En het herte dan. O ik beminne wel wat groot en edel en schoon is, en spegel van Gods pracht en volmaaktheid, mij verblijdt wel de bleuzende kimme, en de stille avondschemering en de zilveren manesching, en 't leven door het penseel geschapen of uit marmer en steen gekapt, en zang en spel, en zingend gedicht, en bijzonderlijk dat gedacht dat menschen schept en leven doet, en de kunste geheel en gansch met al wat zij heeft om 's menschen leven en geschiedenisse te verbeelden; ik bemin wel dat alles en, in de onstoffelijke wereld, Orde en Waarheid en Vrede, voor zooveel ik daaraan versta, o ja, ik beminne wat groot en edel en schoon is, maar dat en bemint geheel mijne ziele niet, of beter, zij hangt daar lijk door twee krachten vast gegrepen, de eene wilt ze naar boven en spreekt uwe stemme, de andere woest en blind, weegt en doet geweld naar onder waar het slijk ligt. Zoo is er dikwijls evenwicht en evenkracht, dat de ziele niet stijgen kan, en somtijds zelfs als de andere kracht woedender wordt, dan daalt de arme, daalt somtijds schrikkelijk, al is 't dat ze schreeuwt en huilt al bloeden tusschen de nijpende klauwen. O dan peis ik op u, Mijnheer, en op uw woord en lessen, en treurig herinnere ik mij:
‘Hebt gij nooit den edelen arend...’
Maar als zij mag stijgen, gelukkig en vrij, naar de blauwe ruimten, o dan peis ik ook op u, want het is gij die ze vrijdet, gij die ze bloedend uit de bijtende klauwen ruktet, dat zij stijgen mocht. O, Mijnheer, wistet gij hoe dat uw woord somtijds valt lijk dauw in de bloemen, lijk regen in het brandende zand, voor die gejaagd was en ongerust, hakend naar Orde en Vrede, en dorstig naar goede hoop.

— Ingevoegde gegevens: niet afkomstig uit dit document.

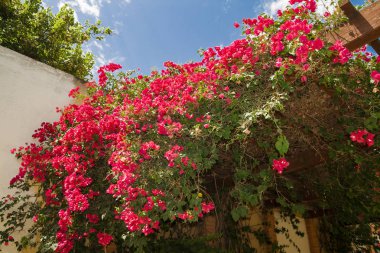 Jardines del Real, Jardin de Viveros - Valencia, İspanya'da halka açık park. Yaz tatili. Güneşli bir günde yakalandı.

Licht voor het verstand, vrijdom en orde en vrede voor het herte, dat ben ik u verschuldigd. Ook nog kracht voor den wille. Want dat is bijzonder flauw bij mij, in gemeene dingen, en daarom, ook in grooter. O hoe dikwijls en kieze ik den leesboek niet, en dat dagen en weken lang. En gij leert ons kloek en sterk van wille zijn.